|Current versions of the CORIO2 firmware provide far greater Aspect ratio adjustments than before, but their use can be confusing. Here we'll try to explain what is going on.|
In the 'System' menu there's a new option called 'Aspect adjust'. This can be left in the default 'Simple' mode for normal use (and will function as per previous versions). The 'Advanced' mode is detailed here.
In Advanced mode the 'Aspect ratio' options in the 'Setup Program source' and 'Adjust scaler parameters' menus disappear. Instead the Zoom and Shrink menus become more detailed.

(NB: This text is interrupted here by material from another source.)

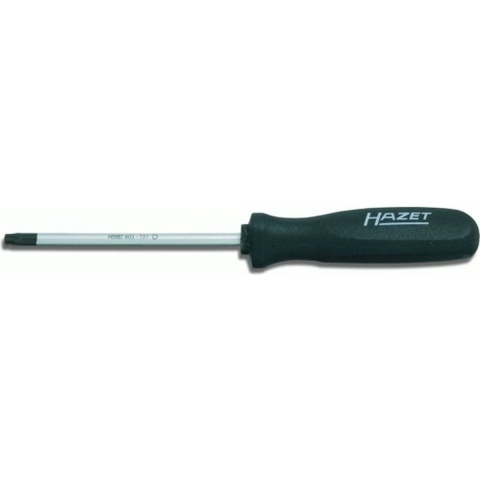 HAZET Schroevendraaier 803-T40 · Binnen-TORX®-profiel · SW T40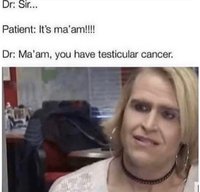 dr-sir-patient-its-maam-maam-you-have-testicular-cancer-meme-a9b1a51484a097e7-8e032e57e642a7d3.jpg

Zoom now allows you to control zooming separately in both the horizontal and vertical directions in 1% steps. This is very useful when performing complex Aspect ratio conversion as it lets you define your own source aspect ratio. In effect, if you have a 16:9 widescreen image within a 4:3 source resolution you can Zoom vertically to avoid the black bars top and bottom. The final pixel:line (width:height) ratio is also shown so you know what ratio you're achieving.
As an example, if your source resolution is 800x600 then the new Zoom adjustment will be shown as:
Zoom H/V 100 100 1.333:1
This is because it has calculated the 800:600 ratio as 1.333:1 (which is the same as 4:3). If you have a 16:9 widescreen image within the 4:3 source, then you could Zoom vertically to achieve the 16:9 ratio. 16:9 is the same as 1.777:1 (just divide 16 by 9).
Zoom H/V 100 133 1.772:1
1.772:1 is as close as you can get to 1.777:1 - it's out by less than 0.5%.

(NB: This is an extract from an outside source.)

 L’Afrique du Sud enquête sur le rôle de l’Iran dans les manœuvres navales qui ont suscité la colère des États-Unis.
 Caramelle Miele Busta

Like Zooming, you can now adjust the Shrink values separately for the H & V directions. The menu option is very similar to the Zoom one, as shown below:
ShrnkH/V 100 100 1.333:1
This shows a normal 800x600 aspect ratio (of 4:3). If your source resolution was a widescreen 16:9 image, and you were feeding it to a normal 4:3 SVGA monitor (800x600), then you would of course get the wrong aspect ratio. Reducing the V Shrink value could be done to correct for this:
ShrnkH/V 100 75 1.777:1
Thus the output has been shrunk vertically to achieve the required aspect ratio. If the output was already a 16:9 resolution (eg. 1920x1080), then this would not have been needed - the unit would already have been showing:
ShrnkH/V 100 100 1.777:1
It knows this because it works out the ratio of 1.777:1 from the resolution database in the unit. It knows that 1920:1080 is the same as 1.777:1 (ie. 1920 divided by 1080 = 1.777).